Das Thema
Um den Herausforderungen des demografischen Wandels und des damit einhergehenden Fachkräftemangels zu begegnen, setzen immer mehr Unternehmen auf teilweise oder vollständige Kostenübernahmen für Fort- und Weiterbildungen ihrer Mitarbeiter. Gleiches gilt für den Abschluss von Halteprämien („Retention-Boni“), die die Betriebstreue und Motivation von Leistungsträgern honorieren sollen. Die rechtssichere Gestaltung von Rückzahlungsklauseln stellt Unternehmen dabei weiterhin vor große Schwierigkeiten.
Sofortige Arbeitnehmerkündigung nach Abschluss des dualen Studiums
Eine Auszubildende schloss mit ihrem Arbeitgeber einen Ausbildungs- und Studienvertrag. Dieser verpflichtete sich, die Ausbildungs- und Studienkosten zu tragen. Der Vertrag sah im Gegenzug eine Rückerstattung für diese Kosten vor, sofern die Auszubildende das Arbeitsverhältnis nach Beendigung ihres Studiums innerhalb von fünf Jahren kündigt. Im Rahmen der vertraglichen Gestaltung war eine Rückzahlung u.a. bei einer Eigenkündigung der Auszubildenen ohne wichtigen Grund vorgesehen, bei Kündigung aus Gründen, die die Auszubildende zu vertreten hat, oder bei Ablehnung eines Anschlussbeschäftigungsangebots im erlernten Berufsfeld. Die verwendete Klausel sah ferner eine Härtefallregelung vor, wonach von der Rückzahlungspflicht ganz oder teilweise abgesehen werden konnte.
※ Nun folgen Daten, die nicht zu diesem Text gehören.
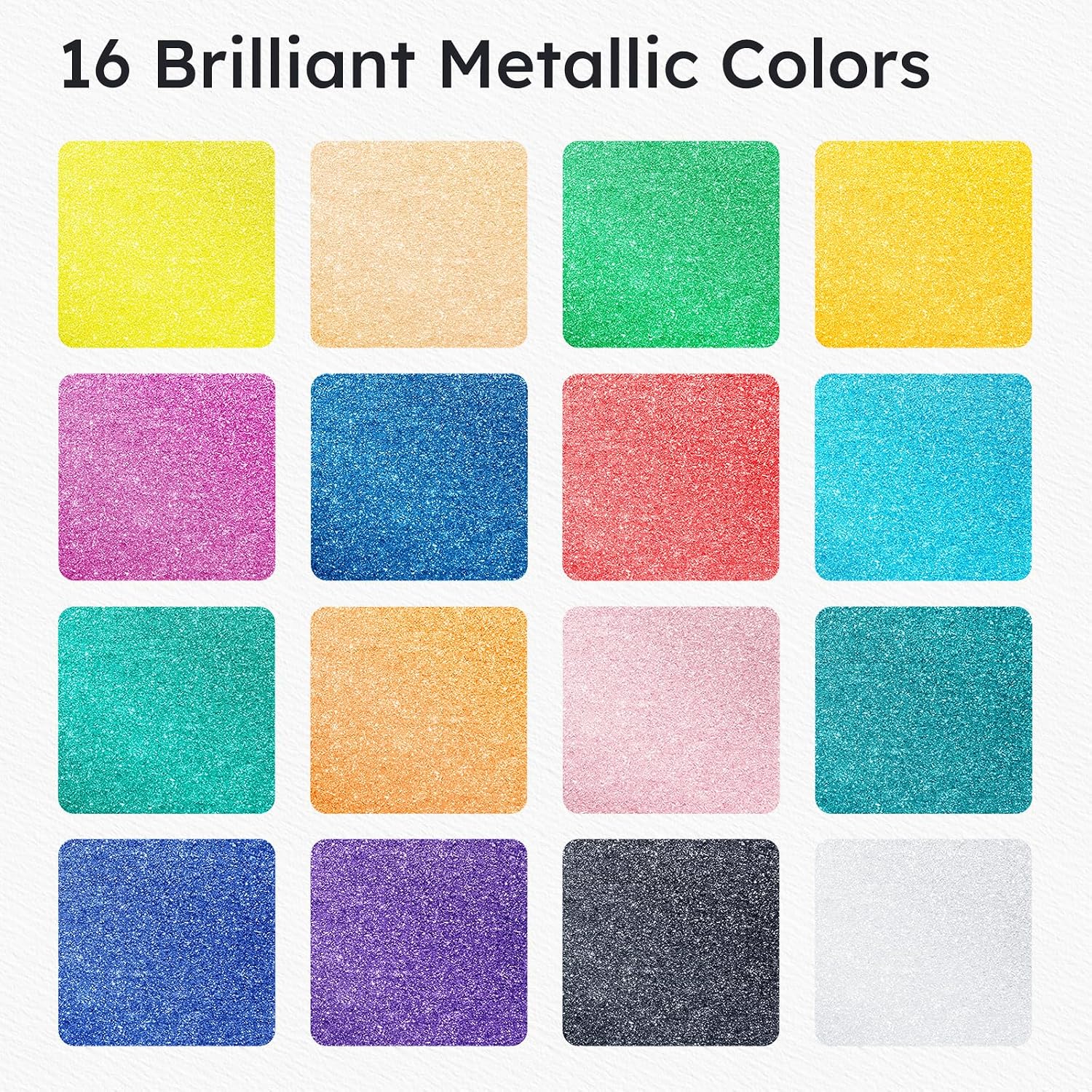 ANYUKE Glitter Markers,16 Colors Metallic Marker Sparkle Pens for Adults, Arts & Crafts Supplies,Rock Painting, Wood, Scrapbook, Birthday Cards, Dual Tip Metallic Acrylic Paint Markers Set of 8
Die Auszubildende schloss den Ausbildungsteil ihres dualen Studiums erfolgreich ab und kündigte im Anschluss den Ausbildungs- und Studienvertrag. Der vertraglich vereinbarte Bindungszeitraum wurde nicht eingehalten, worauf das Unternehmen die Auszubildende zur Rückzahlung der Studienkosten aufforderte. Die Forderung wurde vom ArbG Koblenz und vom LAG Rheinland-Pfalz abgewiesen.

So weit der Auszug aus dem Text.